In today’s Wall Street Jour­nal, Carl Bia­lik writes about “sta­tis­ti­cal time travel” per­formed by number-crunching researchers.

In recent years,” writes Bia­lik, “sta­tis­ti­cians have cre­ated time machines to answer a wide range of his­tor­i­cal hypo­thet­i­cals, from how today’s Supreme Court would have voted on Roe v. Wade to what sort of sci­en­tific papers Ein­stein might write today.”

One of the researchers high­lighted in the arti­cle is Prince­ton com­puter sci­en­tist David Blei, who has done a com­pu­ta­tional analy­sis of more than a hun­dred years’ worth of Sci­ence magazine.

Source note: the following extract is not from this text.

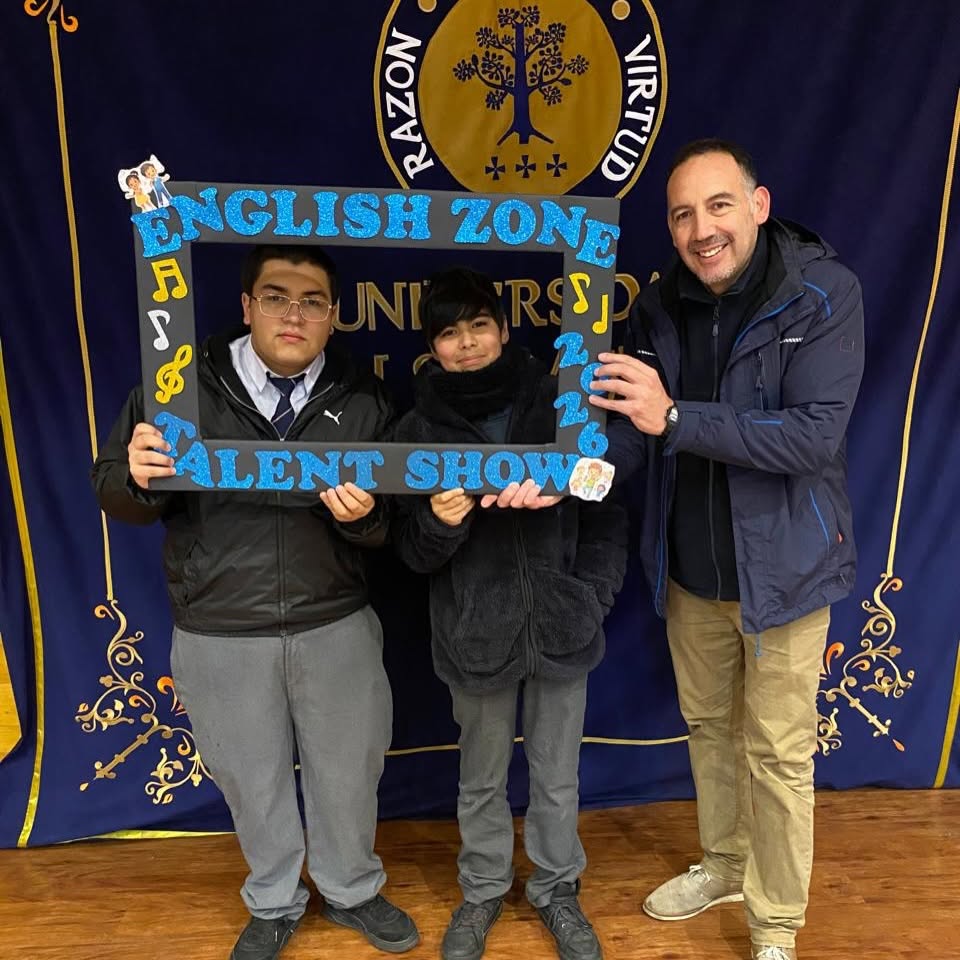 ¡Celebramos el talento de nuestros estudiantes en la English Week 2026!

This is how Bia­lik describes Blei’s research:

His sys­tem iden­ti­fies top­ics from scratch and assigns topic scores — say, 80% neu­ro­science and 20% phi­los­o­phy, or 40% biol­ogy and 60% chem­istry. Any papers that have the same topic scores could then be grouped together, even if they are decades apart and key­words or con­cepts didn’t yet exist. (Think of quarks or H1N1.)

Here the crit­i­cal bridge — the nec­es­sary over­lap to relate past decades to the present — were key­words that were asso­ci­ated with oth­ers before they faded… Such tech­niques con­nected an 1880 paper on orang­utan brains with a 1976 paper on mon­key brains.

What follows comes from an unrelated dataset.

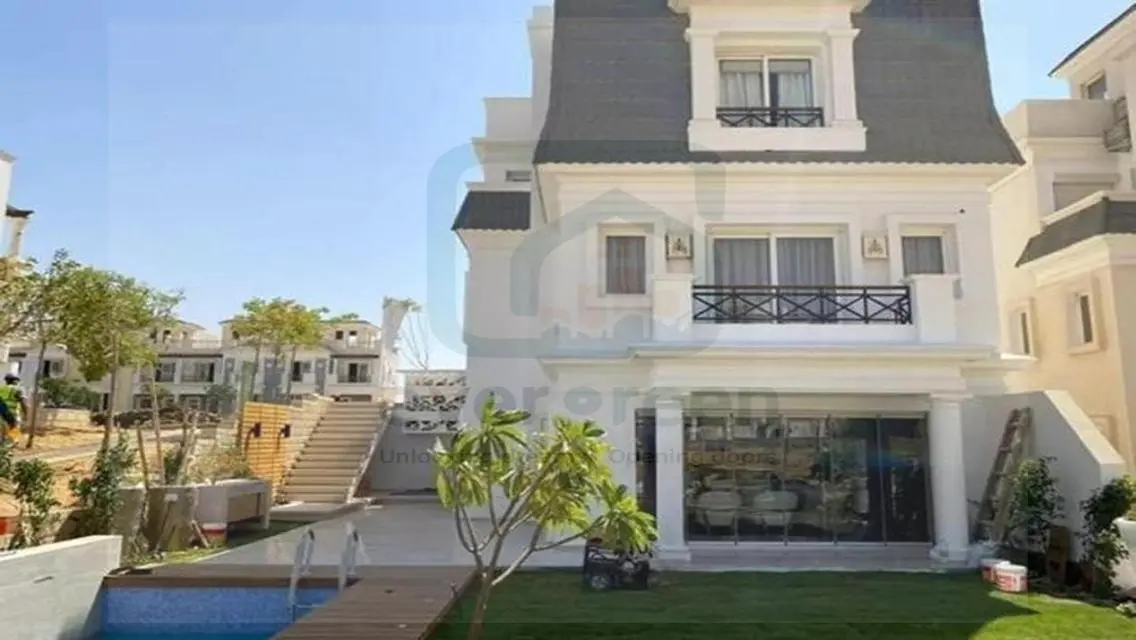 Elegant Villa for Sale at 5,200,000 EGP in a Prime Location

That tech­nique helps dig up research that was ahead of its time. For instance, these very time machines, includ­ing Dr. Blei’s, make use of so-called Bayesian sta­tis­tics, which were devel­oped decades before there was suf­fi­cient com­put­ing power to use them fully.”

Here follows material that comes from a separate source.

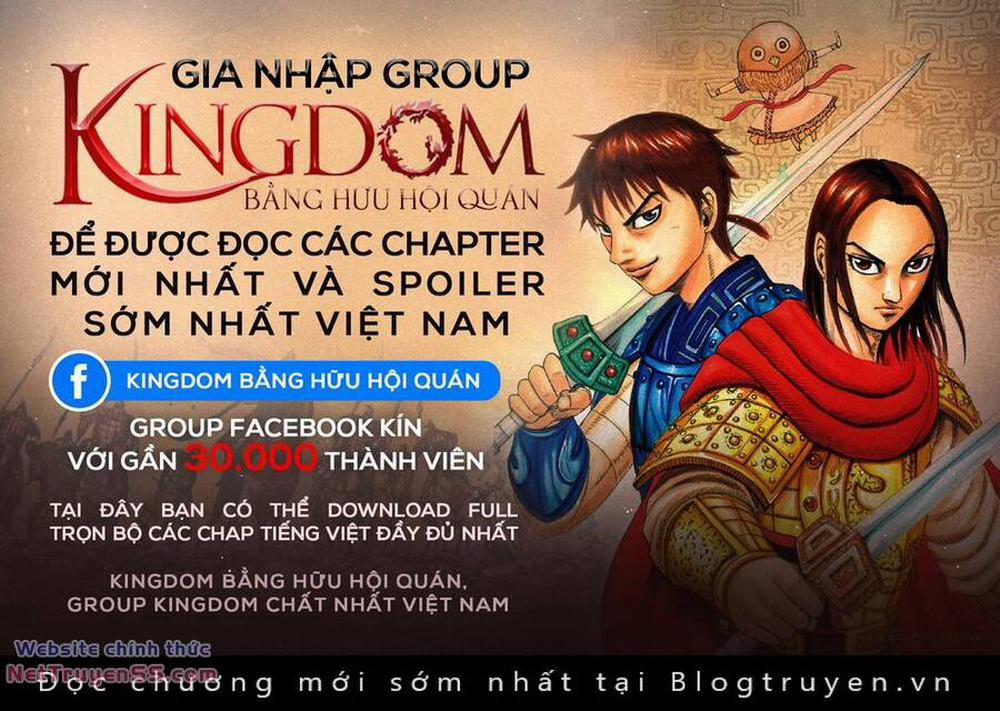 Kingdom – Vương Giả Thiên Hạ Chương 785 Trang 2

You can hear Blei talk about his work in this 2007 Google Tech Talk. Blei’s recent research includes papers on “find­ing latent sources in recorded music,” “a com­pu­ta­tional approach to style in Amer­i­can poetry,” and “aug­ment­ing social net­works with text” — this last paper being coau­thored with for­mer stu­dent Jonathan Chang, now at Face­book, who in a recent blog post describes var­i­ous visu­al­iza­tions he cre­ated of theonion.com’s twit­ter traf­fic.